An at-home olfactory test helps to identify people with an increased risk of having dopamine transporter (DAT) imaging indicative of early Parkinson’s disease (PD), show data from the Parkinson Associated Risk Syndrome (PARS) study.

DAT deficit, defined as putamen [123I] 2β-carbomethoxy-3β-(4-iodophenyl) tropane binding of 65% or less of that expected for the individual’s age, was present in 11% of participants with hyposmia, compared with just 1% of those without, report Danna Jennings (Institute for Neurodegenerative Disorders, New Haven, Connecticut, USA) and co-workers.

The participants were drawn from 4999 people who were contacted by mail and returned a completed 40-item University of Pennsylvania Smell Identification Test.

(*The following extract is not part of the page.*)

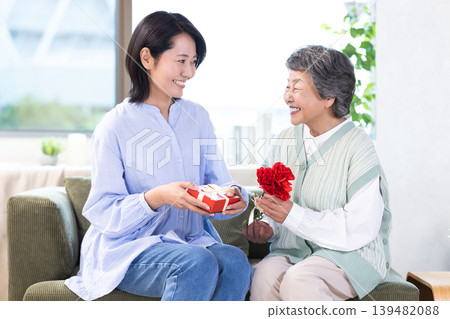 Mother's Day: Senior women receive carnations and gifts. 139482088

Of the nearly 700 people who were hyposmic, 203 agreed to further assessments and were matched by age and gender to 100 normosmic participants.

Participants with and without hyposmia were similar in terms of age, gender, smoking status and family history of PD. Their Unified Parkinson’s Disease Rating Scale scores were not significantly different; however, more hyposmic than normosmic participants received a neurological diagnosis (22 vs 12%), with 14% versus 7% receiving a clinical diagnosis of prodromal PD.

Although the 24 participants with DAT deficit comprised just 0.24% of the more than 10,000 people who were originally sent the olfactory test, the findings “successfully demonstrated the proof of concept that the study design and prescreening assessments are highly feasible, inexpensive, and scalable”, say Jennings et al.

Besides having a higher likelihood of a DAT deficit, the group with hyposmia also had an increased proportion of indeterminate scans (DAT binding between 65 and 80% of that expected for age), at 17% versus 7% in the normosmic group.

“Longitudinal assessment of the subjects with indeterminate scans will be particularly informative in refining the DAT imaging cutoff used to define risk of motor PD”, observes the team in Neurology.

The findings also suggest that accounting for other prodromal symptoms could increase the likelihood of identifying people with DAT deficit. For example, the highest rate of DAT deficit in the hyposmic group occurred among men with constipation, at 43%. And on logistic regression analysis, these three factors (male gender, hyposmia, constipation) were significant predictors of DAT deficit.

However, the researchers caution that combining biomarkers will reduce generalisability and increase the number of people that would need to undergo olfactory screening to identify the same number of people with DAT deficit.